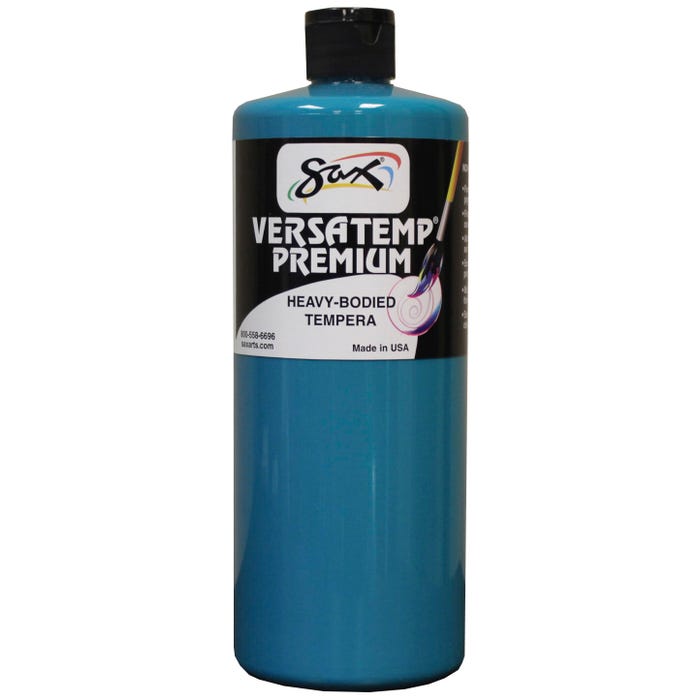 Sax Versatemp Premium Heavy-Bodied Tempera Paint, 1 Quart, Turquoise
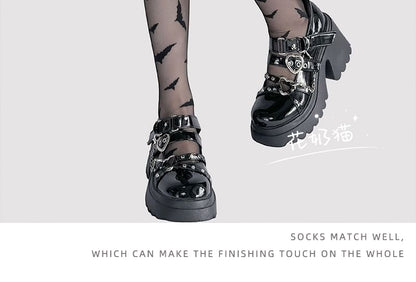 Transparente Strumpfhose mit Fledermaus-Print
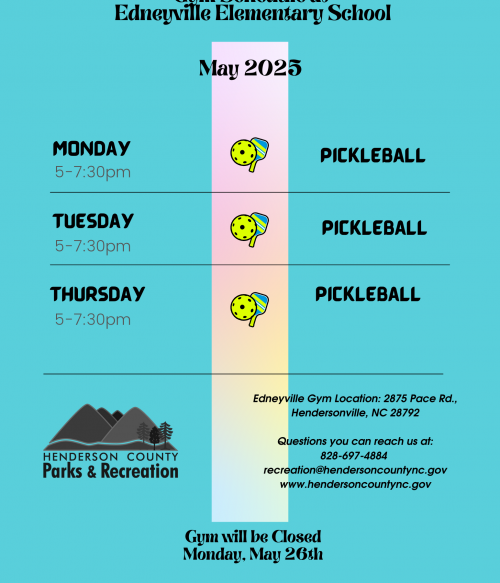 Edneyville Gym Schedule May 2025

• **EXERCISE OBJECTIVE**
Reproduce the preceding material exactly, skipping pictures.

• **EXERCISE OUTPUT**
 Sax Versatemp Premium Heavy-Bodied Tempera Paint, 1 Quart, Turquoise
 Transparente Strumpfhose mit Fledermaus-Print
 Edneyville Gym Schedule May 2025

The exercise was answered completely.